The devastation from floods is far from over and death toll continues to rise. In the Dadu district, a dyke of the Indus Link RD-5 drainage channel failed Wednesday night after water from Mannchar Lake flowed into the Indus Link, a private TV channel reported.
The dyke failure has put Bhan Saeedabad at risk and people have started leaving the city. Residents were also trying to erect a protection dyke on an emergency basis, SAMAA TV reported.
The Indus Link takes water from the catchment area of the Manchhar Lake to the River Indus. However, with the Indus River in flood and Manchhar Lake at the overtopping point the water flowed back to Indus Link, causing the dyke to fail. The lake is being drained through two controlled breaches performed on its dykes this week. The crisis-like situation at Indus Link came hours after a dyke failed in the Thatta district and inundated several villages.
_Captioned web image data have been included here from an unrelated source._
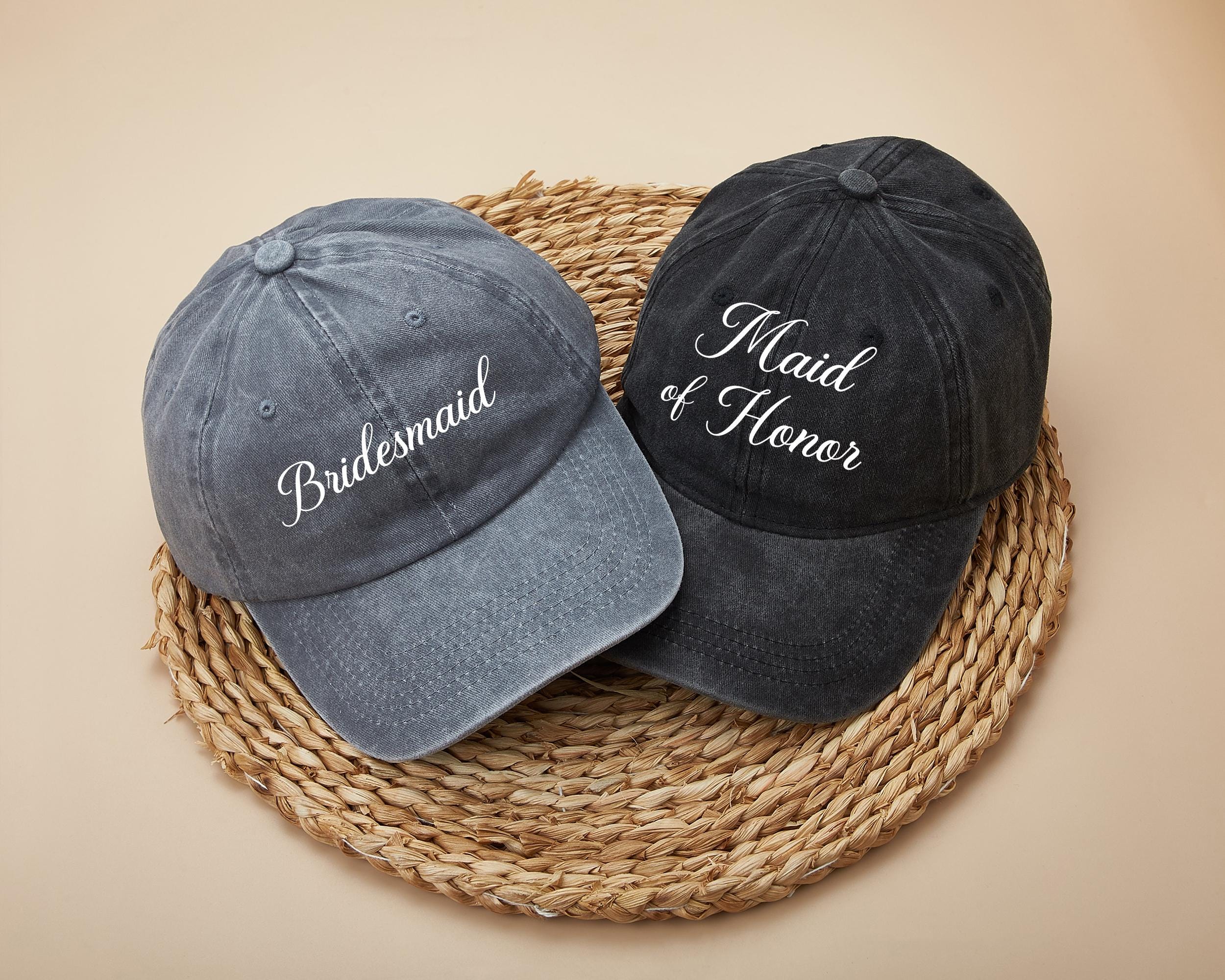 Embroidered Mother/Father of the Bride Hat: Cotton Twill Bridal Party Gift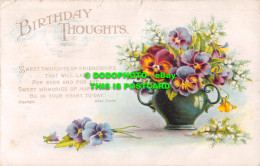 R555765 Birthday Thoughts. Flowers In Vase. Valentines Series. 1923 - World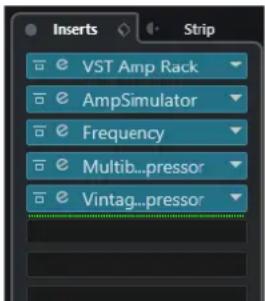 STEINBERG Cubase Artist 13 - Paramètres de voie - Inserts de voie - 1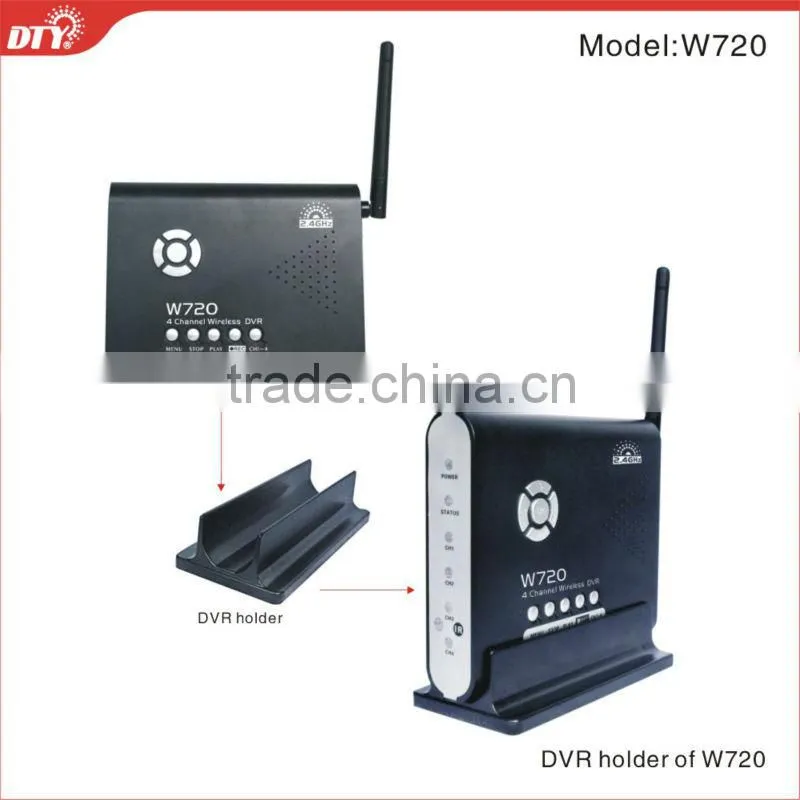 cheap full D1 wireless security system dvr, W720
A relief train bogged down near Sehwan on the Kotri-Dadu section of the railway track, that remains submerged for weeks.
Evacuations continued in parts of Sindh on Thursday as authorities scrambled to plug a breach in Main Nara Valley Drain – also called Right Bank Outfall Drain-I – to prevent gushing water from reaching Dadu city as the death toll from the climate catastrophe rose by 12.
A breach had occurred in the drain at RD-10 on Tuesday. Initially, it was expected that allowing the outflow of water from the drain would mitigate the risk of flooding in Dadu and Jamshoro districts. The situation, however, unfolded differently on Thursday morning, as reports from the area revealed that the flow of water towards Dadu city – the capital of its namesake district – had increased.
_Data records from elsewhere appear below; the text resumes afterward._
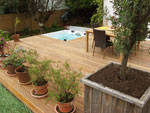 terrasse et spa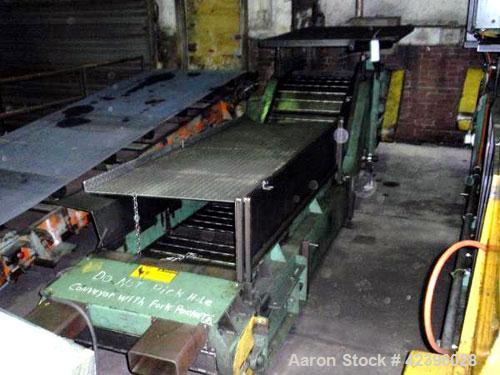 Used Z Style Metal Cleated Belt Conveyor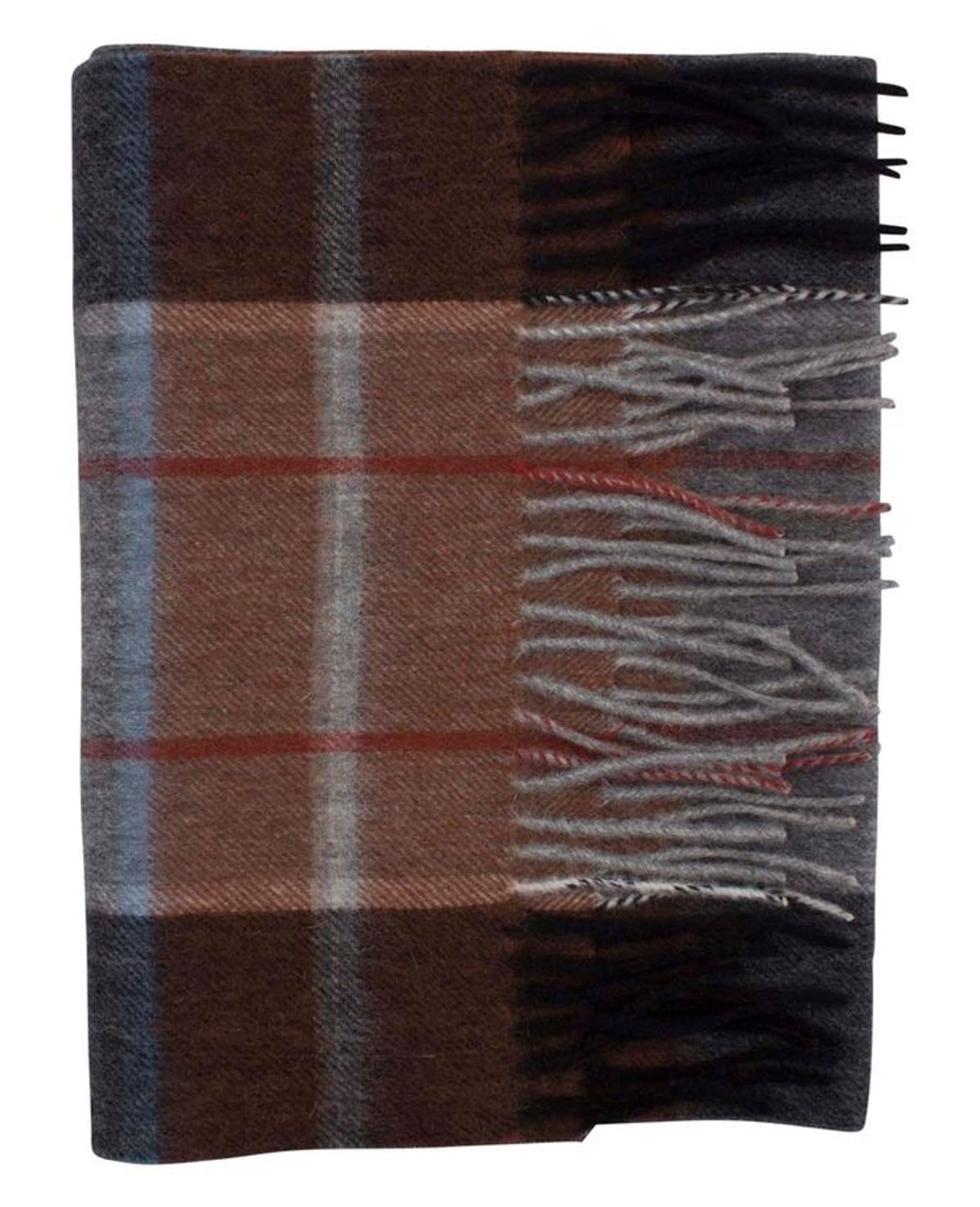 Checked wool scarf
“The water is flowing rapidly towards Dadu city” because of the breach, PPP MPA Pir Mujeebul Haq, who was elected from Dadu’s PS-85 constituency, said. Dadu Deputy Commissioner (DC) Syed Murtaza Ali Shah said additional machinery was being employed to close the breach. Moreover, he said work was also under way to raise embankments in order to protect the city.
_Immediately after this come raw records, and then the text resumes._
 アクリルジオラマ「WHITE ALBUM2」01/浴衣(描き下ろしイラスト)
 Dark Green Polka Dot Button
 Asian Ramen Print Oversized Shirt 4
Later, sharing an update around noon, he said that 90 per cent of the breach had been plugged and estimated that the situation would be brought under control within two hours.
In recent days, two breaches were deliberately made in Manchhar Lake’s protective dyke to divert the flow of floodwaters draining into it towards less populated areas and prevent flooding in the densely populated cities of Sehwan and Bhan Syedabad.
A Reuters report on Wednesday mentioned that country’s largest freshwater lake was “dangerously close to bursting its banks, even after having been breached in an operation that displaced 100,000 people”. And the threat has lingered even as the water level in the lake dropped, albeit marginally, amid reports of water from the lake continuing to submerge parts of the province. Earlier, the water from the lake had flooded five union councils of the Sehwan taluka after two breaches were made in its dyke at RD-14 and RD-52.
On Thursday afternoon, Sindh Information Minister Sharjeel Inam Memon told a press conference that the water level in the Indus River near Manchhar was at 120-foot reduced level (RL). He said that it was expected that the water level in the river would reduce by eight to nine feet in the next eight to ten hours. “Once the level reduces, a breach will be made near the river for the discharge of water from Manchhar into the river. And once the discharge starts, it will take around 10 to 15 days to clear the water,” he added.
Meanwhile, the Flood Forecasting Division’s website showed that there was a high-level flood in the river at Kotri Barrage. Sharing these details, Memon said the provincial government’s entire focus at the moment was on Manchhar and River Indus. Moreover, he said the situation was improving in Kashmore and Jacobabad and while floodwaters had also started receding in Qambar, it would take some time before the situation became better there. “The situation will now change within hours,” he added.